Source data =
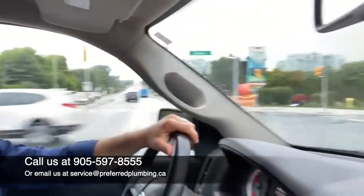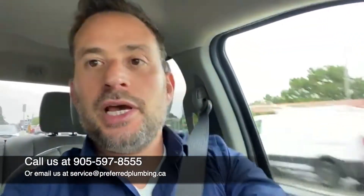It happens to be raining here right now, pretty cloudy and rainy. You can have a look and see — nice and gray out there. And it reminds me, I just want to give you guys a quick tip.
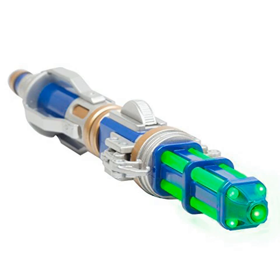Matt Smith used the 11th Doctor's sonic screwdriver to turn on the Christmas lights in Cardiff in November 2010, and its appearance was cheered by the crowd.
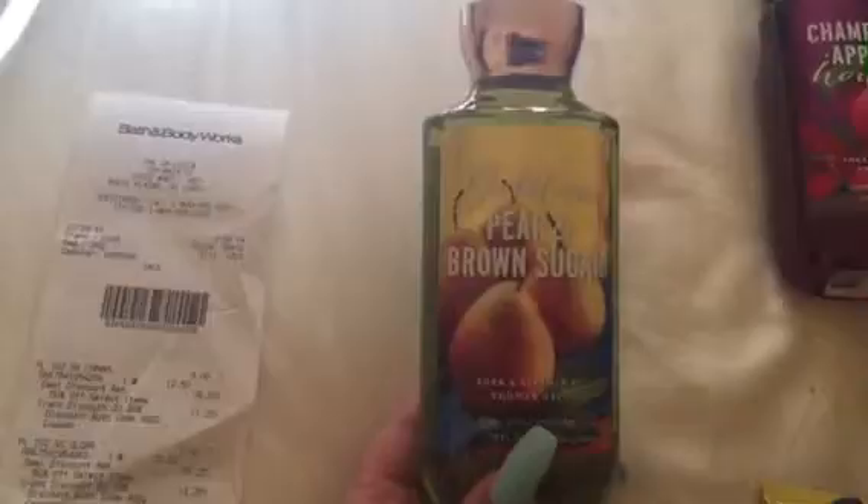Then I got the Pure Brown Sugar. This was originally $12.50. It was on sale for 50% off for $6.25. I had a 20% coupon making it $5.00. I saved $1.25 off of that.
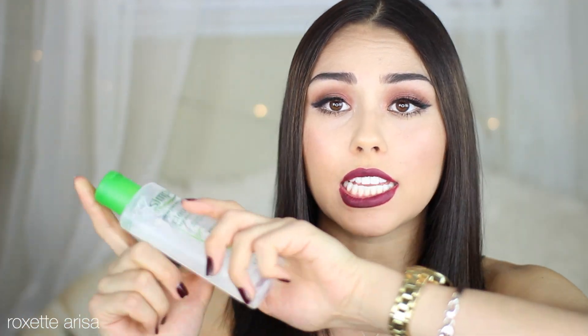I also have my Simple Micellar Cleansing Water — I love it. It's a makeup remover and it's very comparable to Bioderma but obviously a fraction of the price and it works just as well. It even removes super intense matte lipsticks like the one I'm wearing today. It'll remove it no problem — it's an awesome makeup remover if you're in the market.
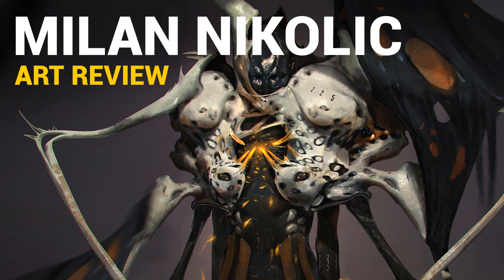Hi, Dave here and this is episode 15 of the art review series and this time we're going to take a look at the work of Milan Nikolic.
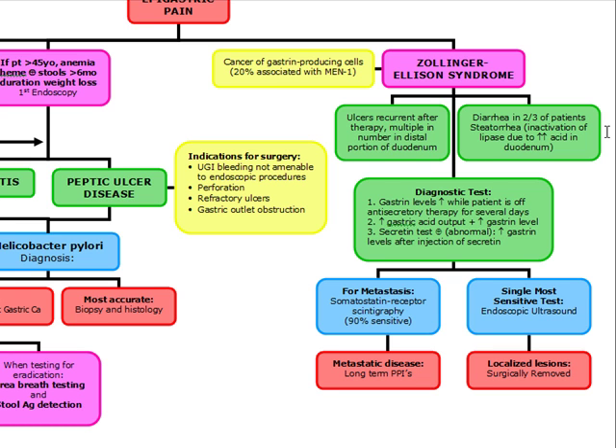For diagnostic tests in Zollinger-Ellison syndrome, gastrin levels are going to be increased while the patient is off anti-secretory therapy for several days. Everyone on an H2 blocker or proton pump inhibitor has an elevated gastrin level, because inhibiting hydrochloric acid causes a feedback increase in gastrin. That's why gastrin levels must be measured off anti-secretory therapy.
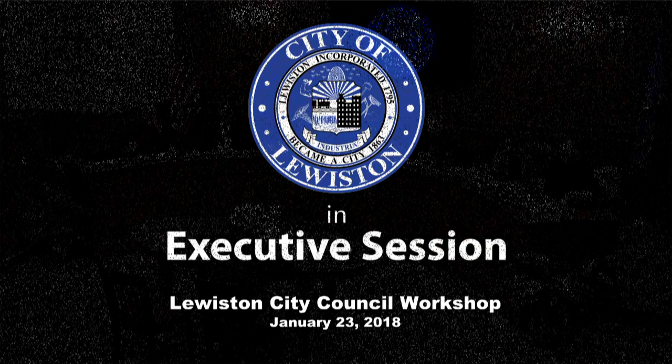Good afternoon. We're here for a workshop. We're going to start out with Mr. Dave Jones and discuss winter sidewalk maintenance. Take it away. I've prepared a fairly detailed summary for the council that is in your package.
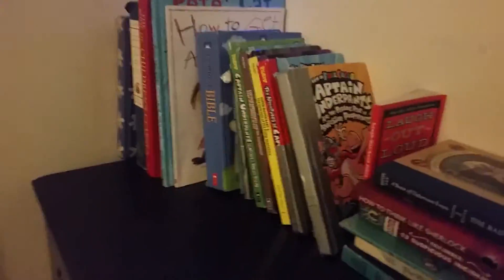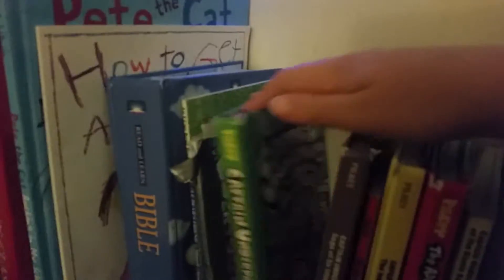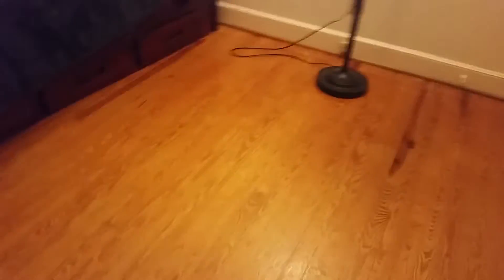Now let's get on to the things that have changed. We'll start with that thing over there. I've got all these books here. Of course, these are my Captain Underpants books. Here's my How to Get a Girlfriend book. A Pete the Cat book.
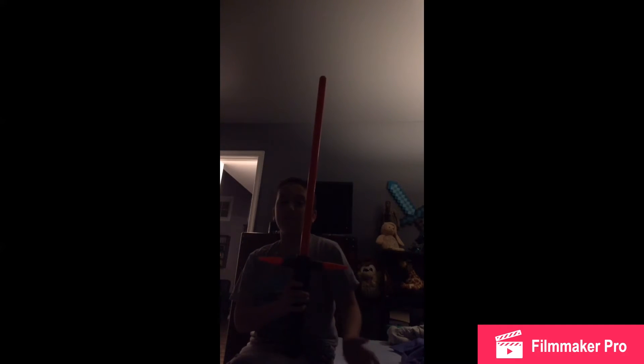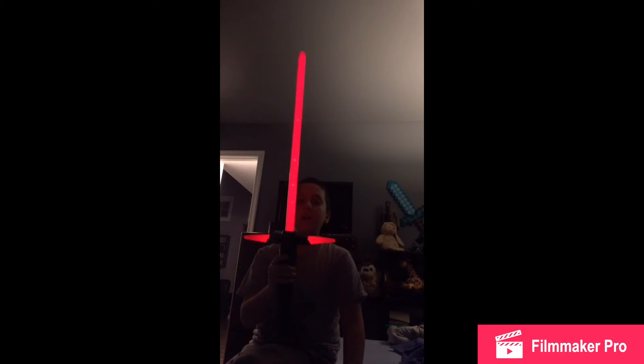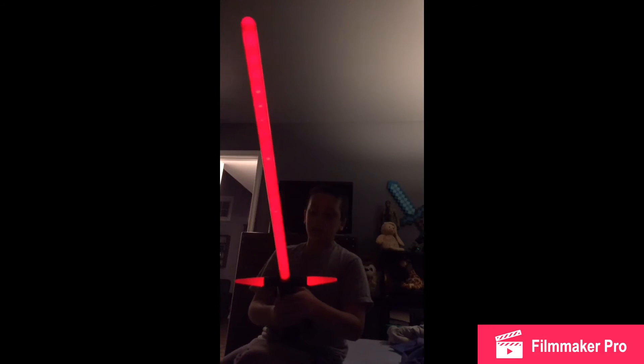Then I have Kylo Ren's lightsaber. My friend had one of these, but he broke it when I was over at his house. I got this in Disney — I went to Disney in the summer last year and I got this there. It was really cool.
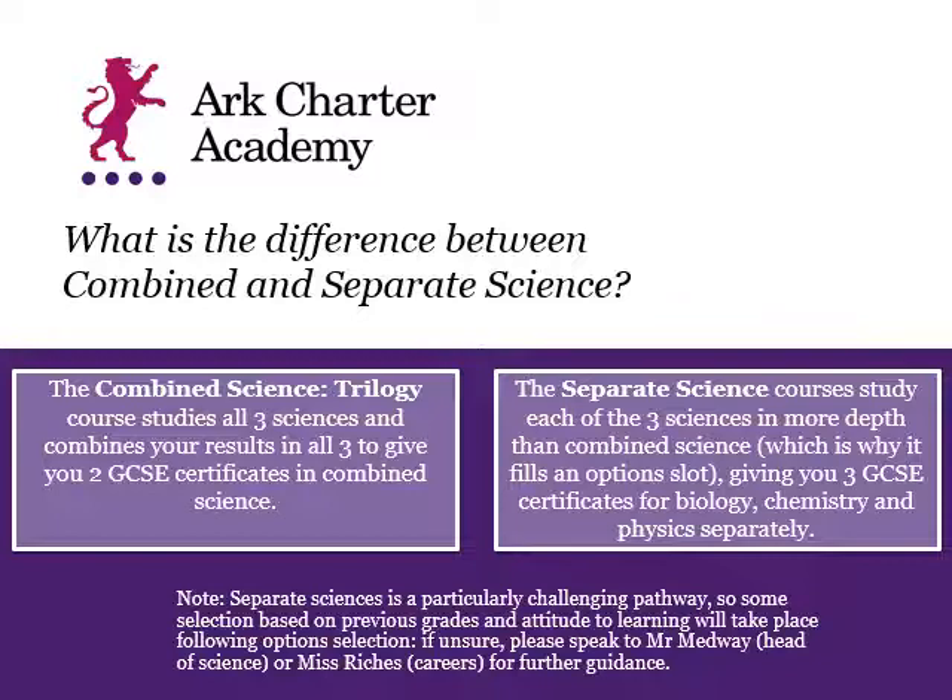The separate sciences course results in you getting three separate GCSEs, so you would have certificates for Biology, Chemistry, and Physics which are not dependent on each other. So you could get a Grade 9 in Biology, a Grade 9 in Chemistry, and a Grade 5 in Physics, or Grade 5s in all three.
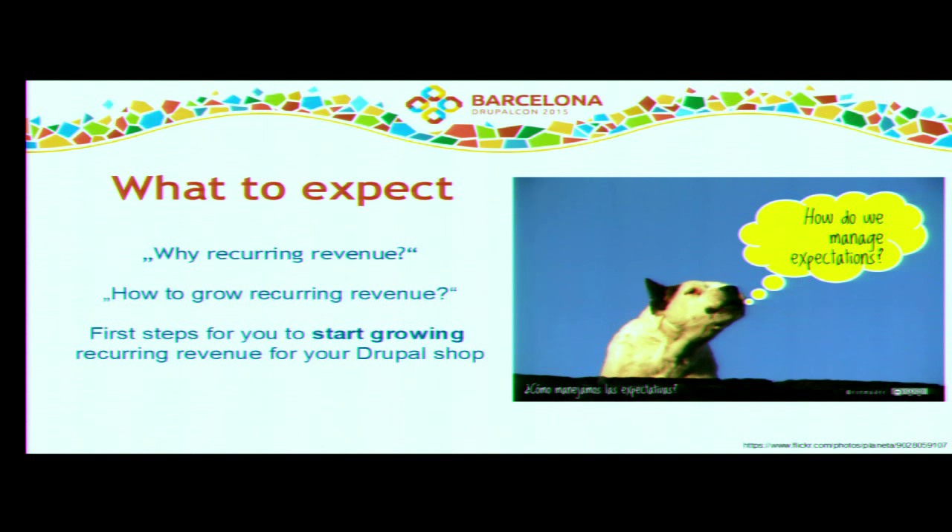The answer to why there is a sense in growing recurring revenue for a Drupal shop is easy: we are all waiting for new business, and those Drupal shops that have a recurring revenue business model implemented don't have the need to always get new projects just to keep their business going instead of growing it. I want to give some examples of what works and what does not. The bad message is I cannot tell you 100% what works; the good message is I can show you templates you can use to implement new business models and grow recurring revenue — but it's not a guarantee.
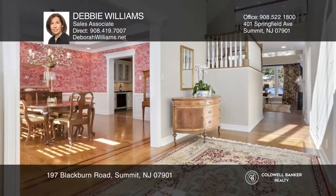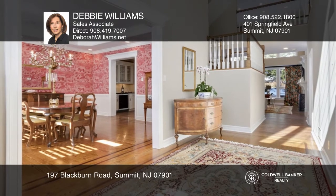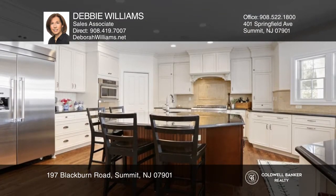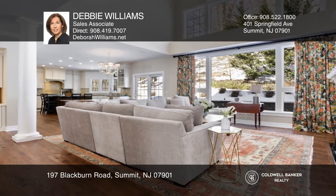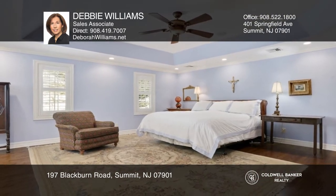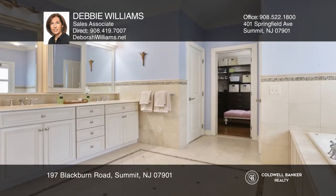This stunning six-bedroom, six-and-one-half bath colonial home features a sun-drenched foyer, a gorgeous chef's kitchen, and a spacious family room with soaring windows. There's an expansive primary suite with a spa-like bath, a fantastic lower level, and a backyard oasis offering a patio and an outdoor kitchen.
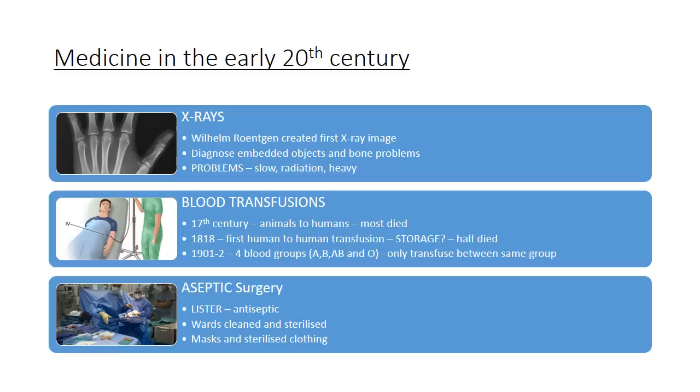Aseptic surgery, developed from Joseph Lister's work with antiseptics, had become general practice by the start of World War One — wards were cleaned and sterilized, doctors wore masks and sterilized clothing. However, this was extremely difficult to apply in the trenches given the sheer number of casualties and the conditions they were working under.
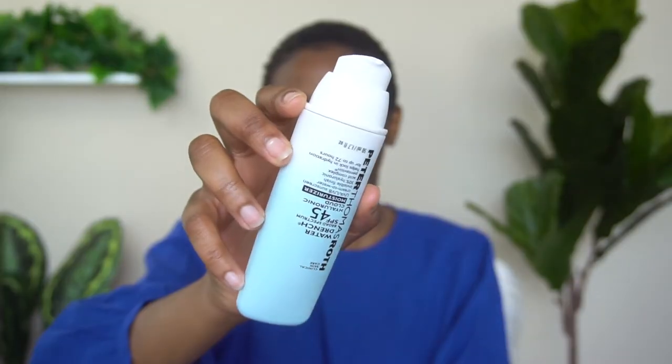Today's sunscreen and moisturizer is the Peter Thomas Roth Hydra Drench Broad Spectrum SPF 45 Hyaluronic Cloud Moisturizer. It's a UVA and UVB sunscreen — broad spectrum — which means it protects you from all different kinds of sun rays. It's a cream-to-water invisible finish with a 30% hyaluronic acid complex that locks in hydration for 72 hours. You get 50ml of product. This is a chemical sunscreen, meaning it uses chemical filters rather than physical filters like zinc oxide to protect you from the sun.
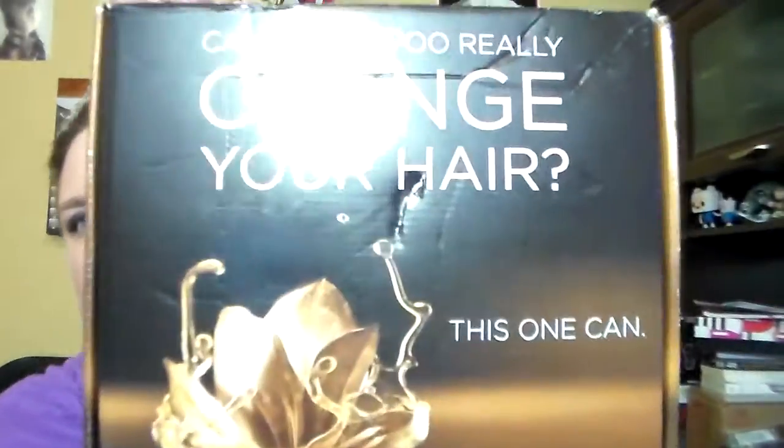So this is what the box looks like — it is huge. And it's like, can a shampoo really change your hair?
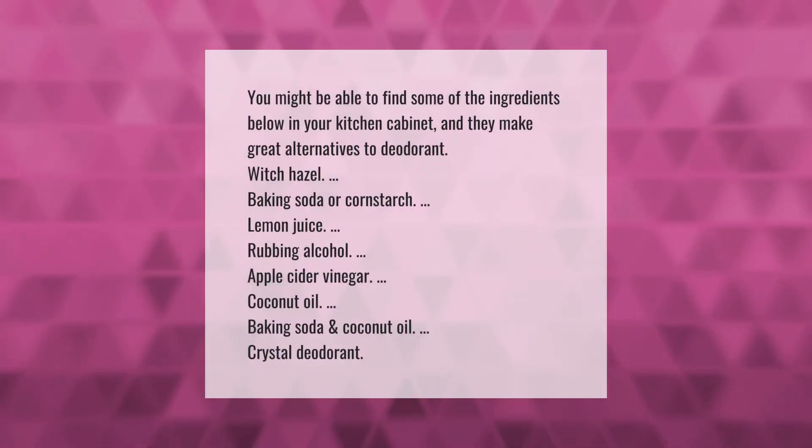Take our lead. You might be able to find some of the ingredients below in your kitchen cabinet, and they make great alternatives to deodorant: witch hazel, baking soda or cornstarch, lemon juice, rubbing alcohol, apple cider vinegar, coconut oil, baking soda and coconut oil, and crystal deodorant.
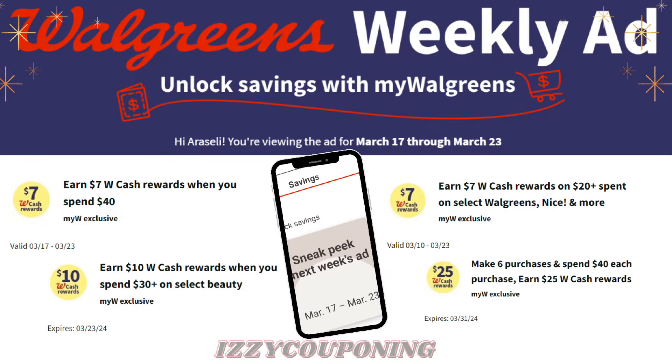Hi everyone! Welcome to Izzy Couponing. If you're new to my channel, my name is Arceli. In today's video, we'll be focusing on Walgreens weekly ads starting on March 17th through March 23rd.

Exercise directions = Find the line with "I also have" in the entries above. Set down exactly every line from it up to and including the line with "The separate sciences", images excluded.

Result below =
I also have my Simple Micellar Cleansing Water — I love it. It's a makeup remover and it's very comparable to Bioderma but obviously a fraction of the price and it works just as well. It even removes super intense matte lipsticks like the one I'm wearing today. It'll remove it no problem — it's an awesome makeup remover if you're in the market.
Hi, Dave here and this is episode 15 of the art review series and this time we're going to take a look at the work of Milan Nikolic.
For diagnostic tests in Zollinger-Ellison syndrome, gastrin levels are going to be increased while the patient is off anti-secretory therapy for several days. Everyone on an H2 blocker or proton pump inhibitor has an elevated gastrin level, because inhibiting hydrochloric acid causes a feedback increase in gastrin. That's why gastrin levels must be measured off anti-secretory therapy.
Good afternoon. We're here for a workshop. We're going to start out with Mr. Dave Jones and discuss winter sidewalk maintenance. Take it away. I've prepared a fairly detailed summary for the council that is in your package.
Now let's get on to the things that have changed. We'll start with that thing over there. I've got all these books here. Of course, these are my Captain Underpants books. Here's my How to Get a Girlfriend book. A Pete the Cat book.
Then I have Kylo Ren's lightsaber. My friend had one of these, but he broke it when I was over at his house. I got this in Disney — I went to Disney in the summer last year and I got this there. It was really cool.
The separate sciences course results in you getting three separate GCSEs, so you would have certificates for Biology, Chemistry, and Physics which are not dependent on each other. So you could get a Grade 9 in Biology, a Grade 9 in Chemistry, and a Grade 5 in Physics, or Grade 5s in all three.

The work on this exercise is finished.